New investigator awards target health disparities, women’s health and diabetes

Researchers at the University of Wisconsin School of Medicine and Public Health will get a boost from three new grants awarded by the Wisconsin Partnership Program through its New Investigator Program. The awards, each $100,000 over two years, support early-career investigators who are taking innovative approaches to address a diverse range of public health issues in Wisconsin, including: reducing the mortality gap for black women with lupus; improving continence in older women; and preventing diabetes.

  • Christie Bartels, MD will study how to reduce the growing mortality gap in Wisconsin for black women with lupus. By working with a group of lupus patients at the Medical College of Wisconsin and using electronic record data, the project will study who does and does not stay in rheumatology care and examine the impact of race and other predictors of keeping patients in care. Expected outcomes include an innovative approach to measure lupus care, and baseline data for future trials to improve health among the estimated 28,000 Wisconsinites with lupus.

 

  • Heidi Brown, MD will test the effectiveness of using Mind Over Matter; Healthy Bowels, Healthy Bladder (MOM), a community-based workshop for older Wisconsin women to control incontinence symptoms, at senior centers and develop a tool-kit that will allow busy senior centers to more easily consider and incorporate MOM into their programming.  Upon the project’s completion, MOM will be ready for widespread dissemination in Wisconsin in partnership with the Wisconsin Institute for Healthy Aging (WIHA) with the objective of improving continence and promoting healthy aging in place for more than 200,000 older Wisconsin women living with bladder or bowel incontinence.

 

  • Matthew Merrins, PhD’s project proposes that activating a metabolic enzyme, pyruvate kinase, has the potential to prevent diabetes and rescue insulin secretion from the diabetic β-cell.
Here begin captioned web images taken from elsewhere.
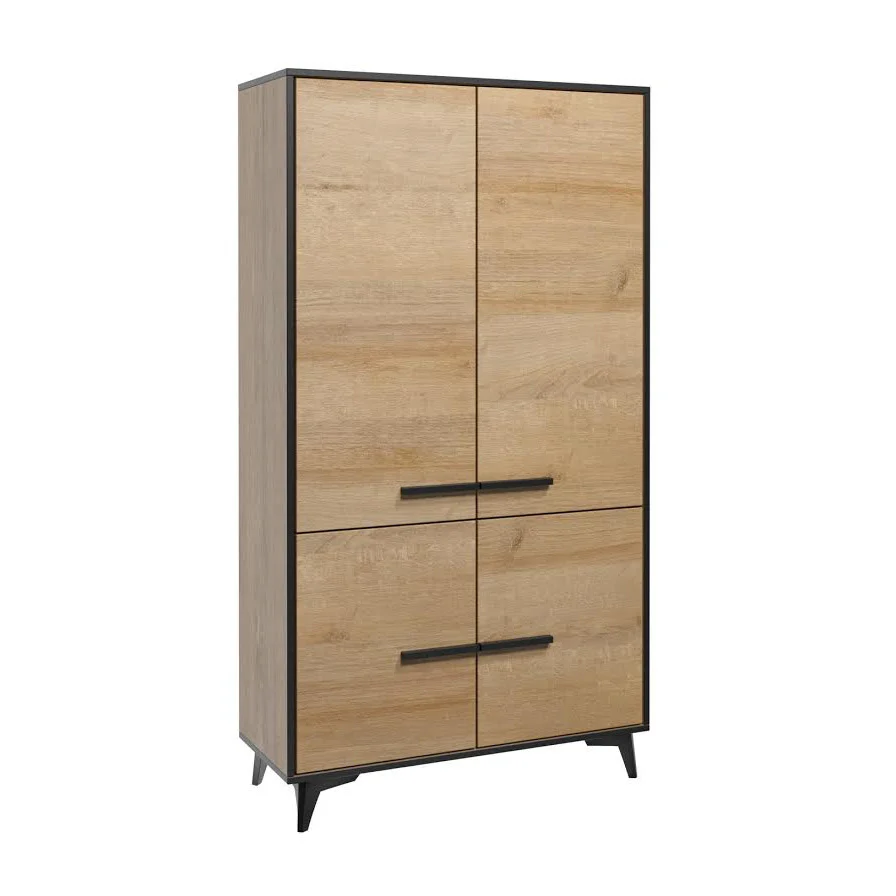 Frey - Opbergkast 4 deuren - Licht eiken/zwart - 91x40x185 cm - Image 6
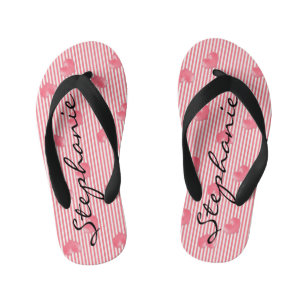 Tongs Enfants Coeurs et rayures roses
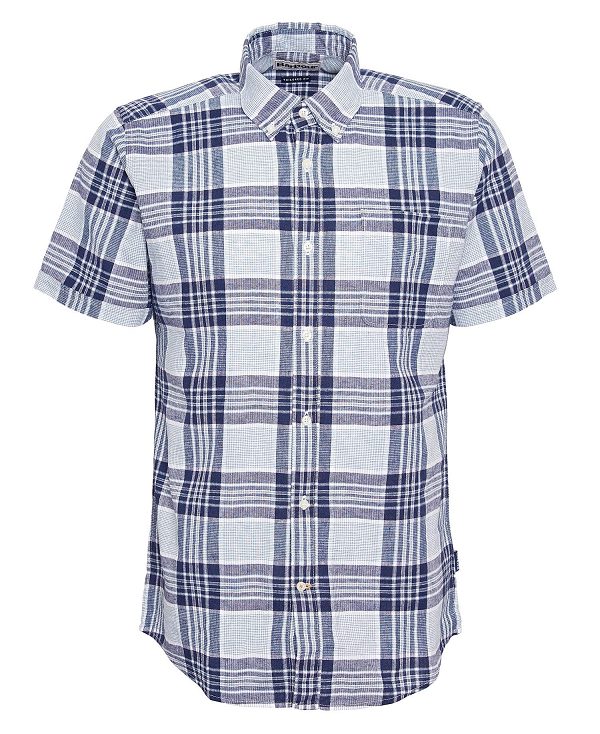 Barbour Reading Tailored Short-sleeved Shirt Classic Navy | BABO87769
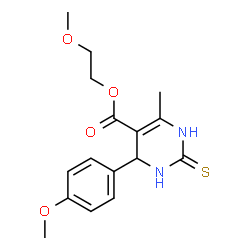 2-methoxyethyl 4-(4-methoxyphenyl)-6-methyl-2-thioxo-1,2,3,4-tetrahydropyrimidine-5-carboxylate结构式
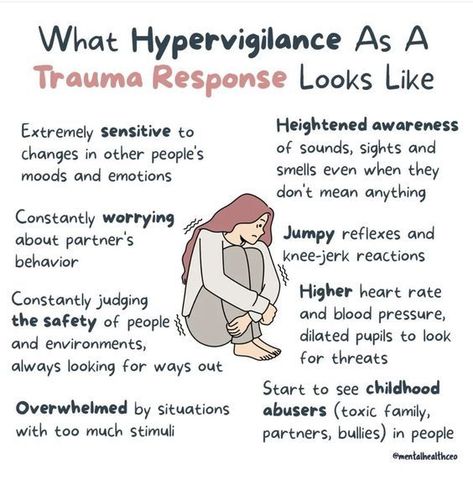 what hypervigilance as a trauma response looks like Somatic Experiencing, Mental Health Facts, Mental Health Therapy, Emotional Awareness, Mental And Emotional Health, Psychology Facts, Self Care Activities, Health Facts, Coping Skills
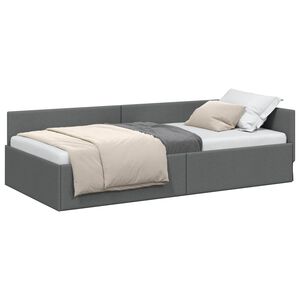 vidaXL Eckbettgestell mit Kopfteil Dunkelgrau 80 cm x 200 cm Stoff
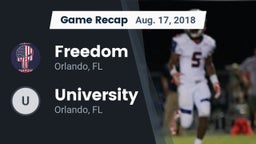 Recap: Freedom  vs. University  2018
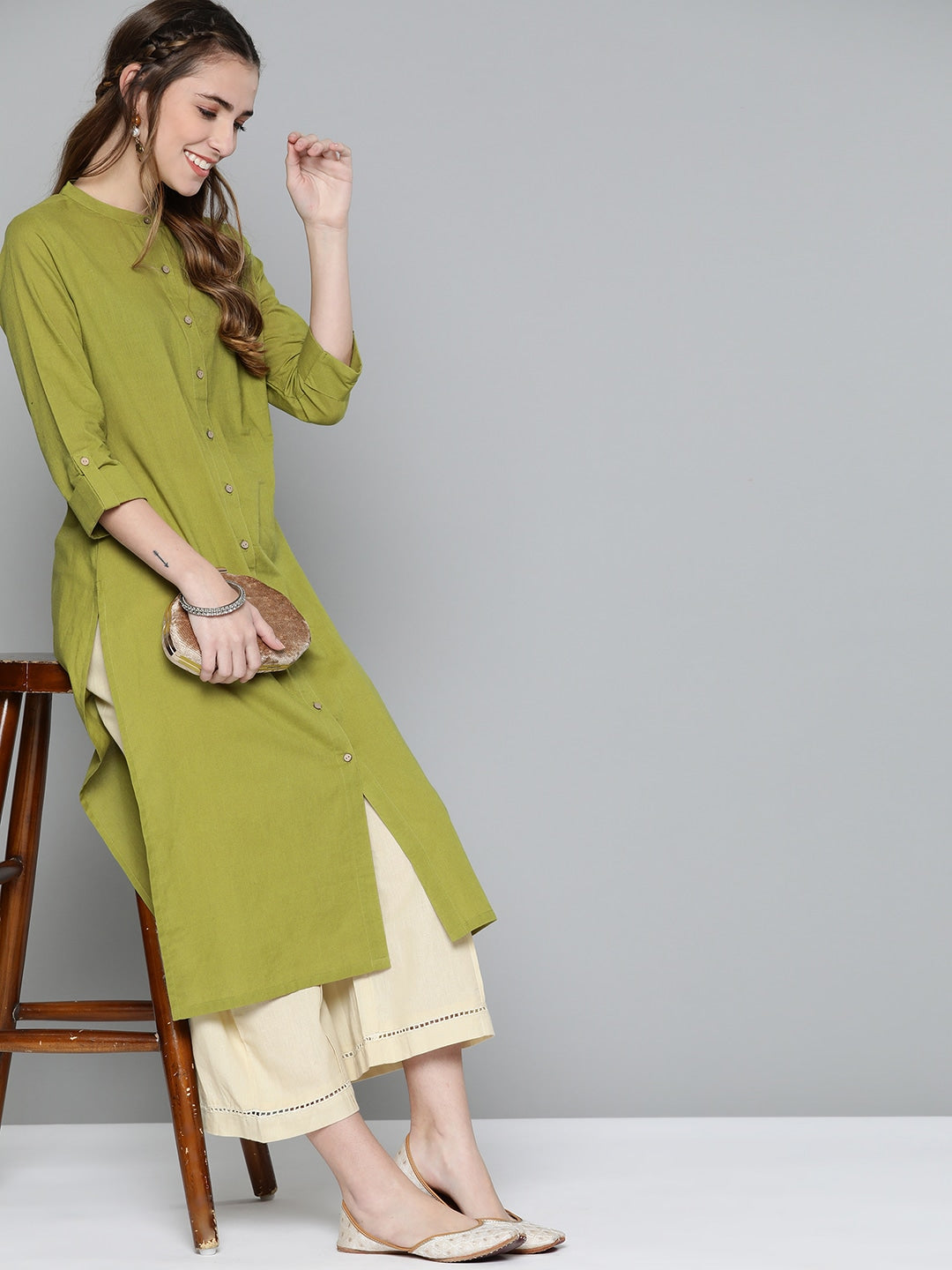 HERE&NOW Women Olive Green Solid Pure Cotton Kurta - Distacart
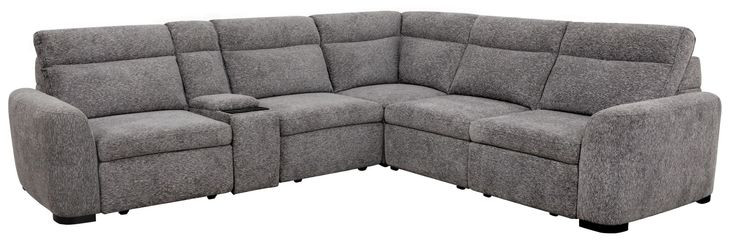 Kline Nightfall 6 Piece Modular Power Sliding Sectional with USB Charging and Console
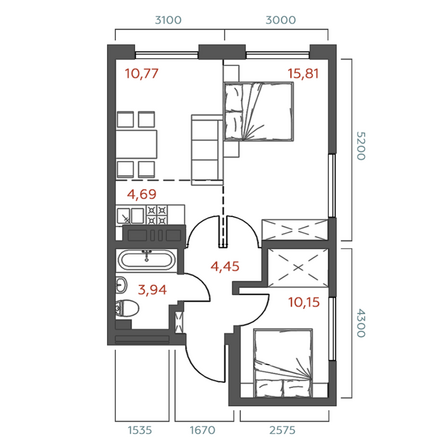 Планировка 2-комн 49,81, 49,98 м²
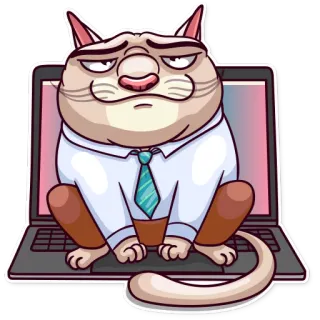 💻 7d69f332 猫, ラップトップ, オフィス, ビジネス, 動物, 漫画 telegram sticker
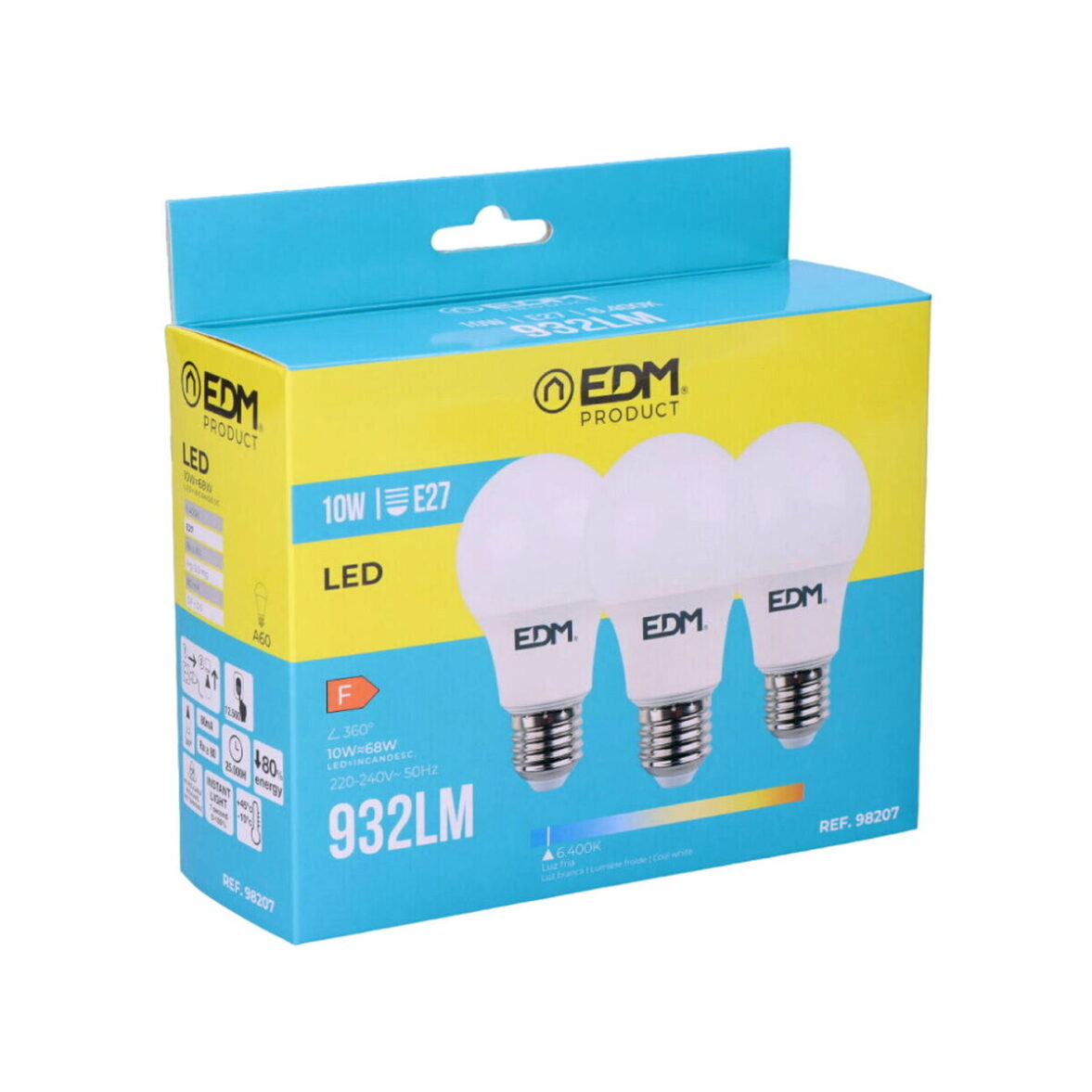 Pack de 3 bombillas LED EDM 98207 F 60 W 10 W 68 W E27 810 Lm 932 Lm Ø 6 x 10,8 cm (6400 K)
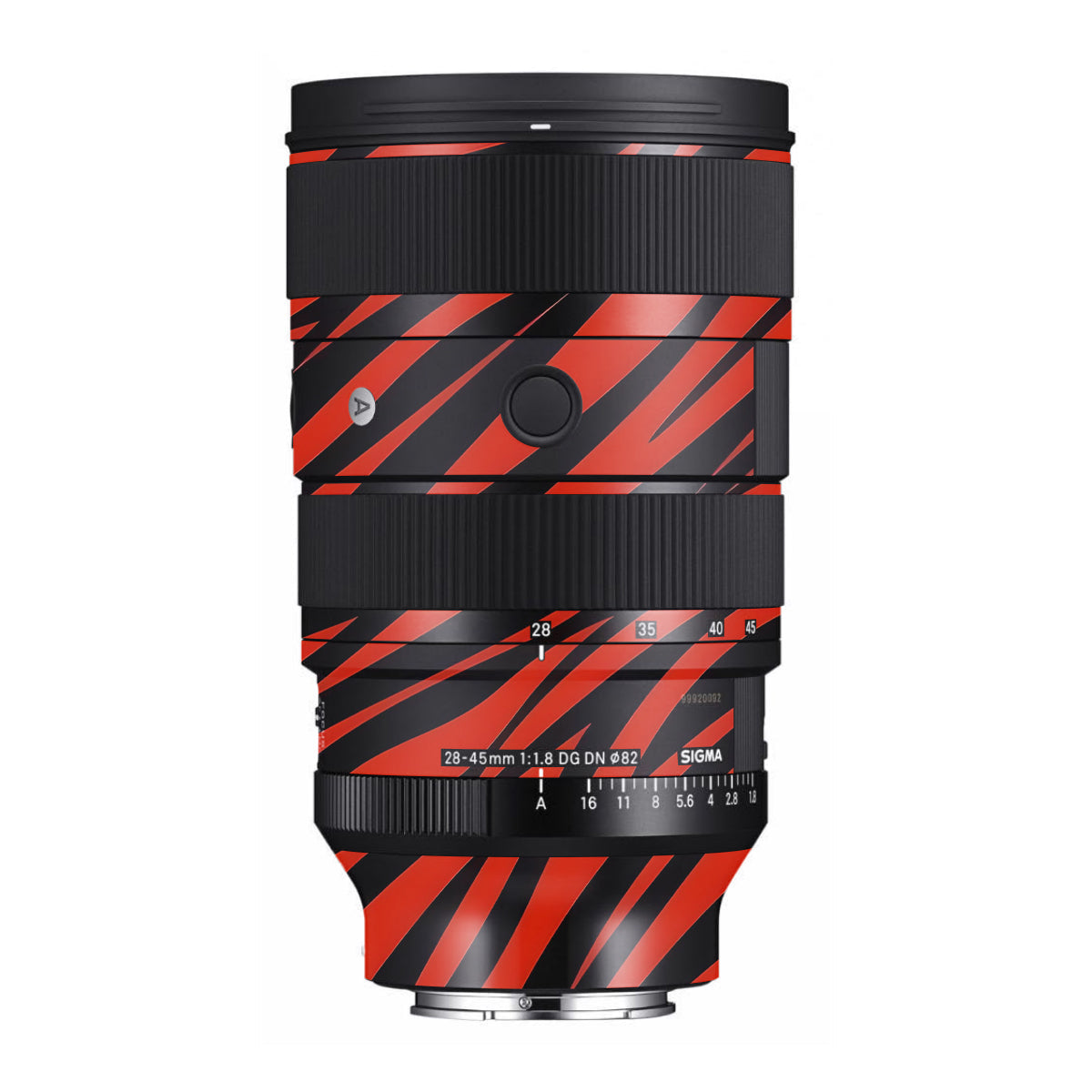 Red and Black Stripes Sigma 28-45mm F/1.8 DG DN Art Sony E Camera Lens Skin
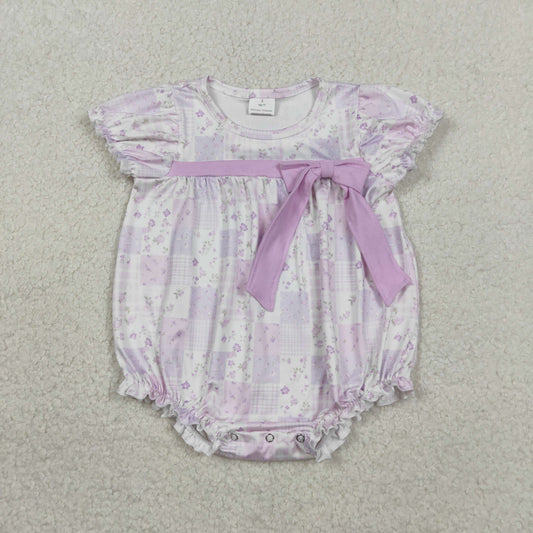 SR3730 Purple Flowers Bow Short Sleeve Girls Romper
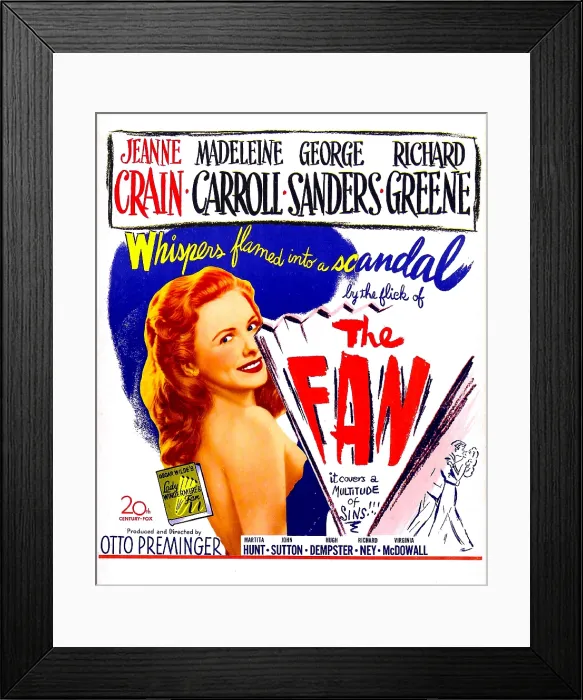Framed Print : THE FAN, US poster, Jeanne Crain, 1949. TM & Copyright 20th Century Fox Film Corp. / courtesy Everett Collection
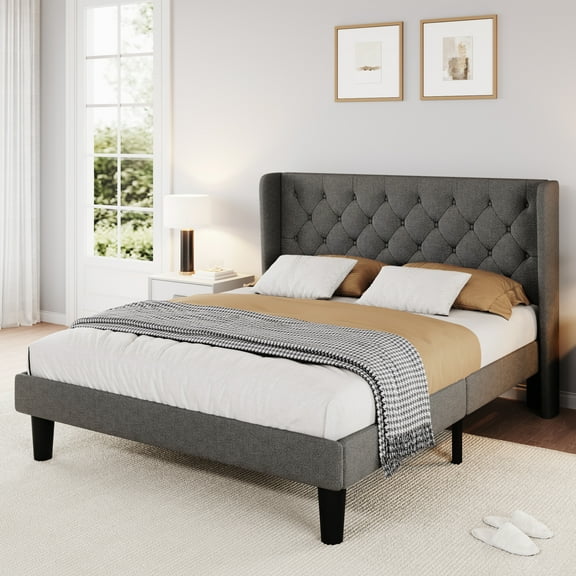 SHA CERLIN Queen Size Platform Bed Frame with Fabric Wingback&Tufted Upholstered Headboard, Light Grey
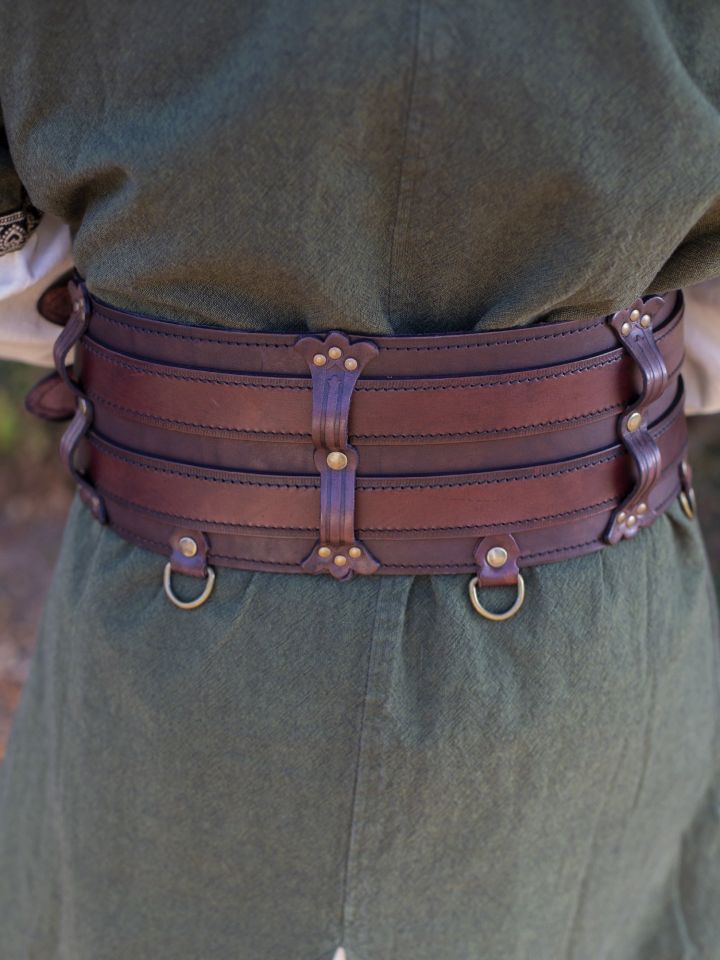 Elegant brown double belt L/XL 5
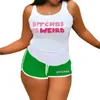 Einzelhandel Mode Sommer Outfits Frauen Trainingsanzüge Brief Gedruckt Tank Top und Shorts 2 Stück Set Sport Yoga Hosen Anzug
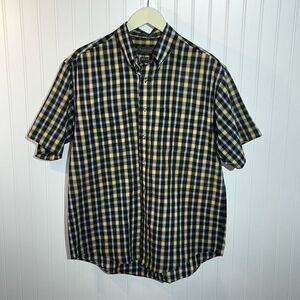 Van Heusen Button Up Top Men Medium 15-151/2 Blue Yellow Plaid Pocket Short Slv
The studies are needed to provide a firm scientific basis for a clinical intervention that preserves β-cell metabolic health in people.

 

Established in 2004, the Wisconsin Partnership Program has awarded more than 434 research, education and community partnership grants totaling more than $190 million, aimed at improving the health of the people of Wisconsin. Its New Investigator Program provides opportunities for early-career UW SMPH investigators to initiate new, innovative pilot projects.